基本立ち絵が忍者っぽいところが俺の中で好評。
シナリオがなんか説明不足というか「え、そういう話の流れになるの?」ってのが多くてちょっとノレなかったな。

登場キャラで顔が一番不安定な人でもある。
割とマジで二重人格や双子説を疑いながら遊んだぞ……。

香坂 遊穂。
主人公が高校の時に所属していたバスケットボール部のマネージャーで後輩に当たる。
頭の中がお花畑系女子。
子供みたいな言動でとにかく「センパイ!センパイ!」と騒いで主人公を困らせる。
3食シュークリームでもOKらしい。
全ヒロインで一番ぶっ飛んだルートが展開される。完全に別のゲーム!
だが……嫌いじゃないぜ!遊穂のアホっぷりも楽しくて慣れてくると癒される。

こちらは親友の芹沢麻弥。サブキャラなので攻略は出来ない。
「攻略できないサブキャラがやたら可愛い」というお約束も守ってるなこのゲーム……ッ!

※シリアスなシーンです

相原優気。
ローラブレードで逃げ回っていたところで主人公とバッタリ出会うキャラ。
特定条件を満たすと登場する隠しキャラに近い。
えっ、11歳の男の子を攻略できるのか!?と思ったがもちろん女の子。

美少女であるッ!
もうちょっと家庭環境の件を掘り下げて欲しかったところではあるが、
他のヒロインと毛色の違った展開は面白いし主人公への告白はなかなかグッと来るぜ。

そしてこの優気ルートにだけ登場する子供3人がやたら濃い顔なのが気になって仕方がなかった……。
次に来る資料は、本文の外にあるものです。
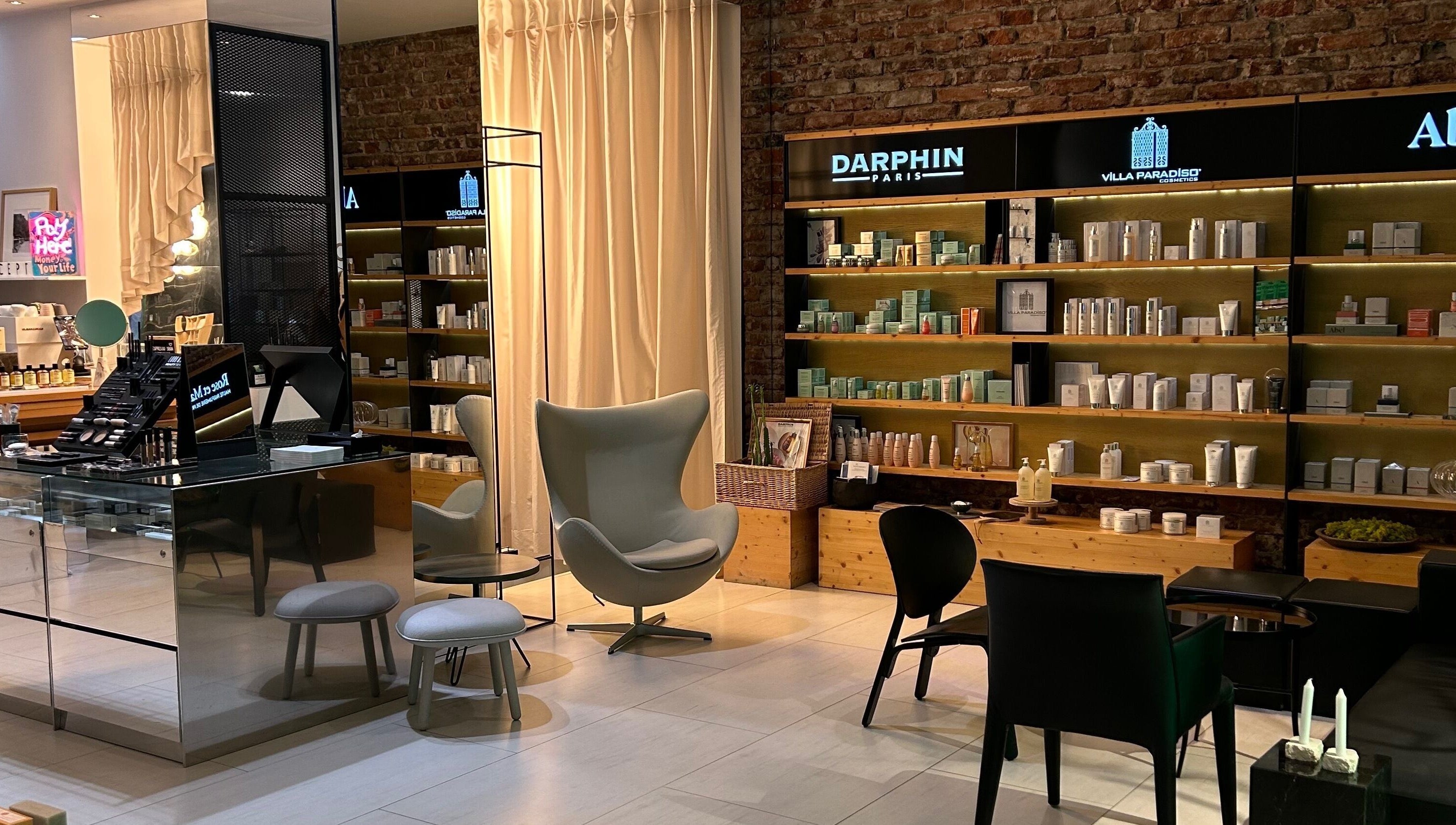 Chic interior of Koncept Beauty in Sofia, Sofia City Province, BG, showcasing luxury beauty products on wooden shelves.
基本はこの6ルートで、エンディングまでの流れで「ふれあいポイント」をゲット可能。
これで画像閲覧モードや3つのおまけシナリオなどを解禁していくという仕様だ。

すべてのおまけをアンロックすると声優のフリートークも聴けるようになるぞ。
って、片霧烈火!片霧烈火じゃないか?!優気くんの声かよ!

全ルートクリアしても8時間掛かるか掛からないかと言ったところか。
1ルートが短くシナリオは全体的にあっさり風味。
とにかくベタベタな内容で凄くよく出来ているというわけではないが、
システムは快適の一言で、おまけ要素も充実している。
低価格でサクッと遊べるまさに「THEギャルゲー」的な1本かな。
時代を感じる絵柄に抵抗がなければ手を出してみても悪くないぜ。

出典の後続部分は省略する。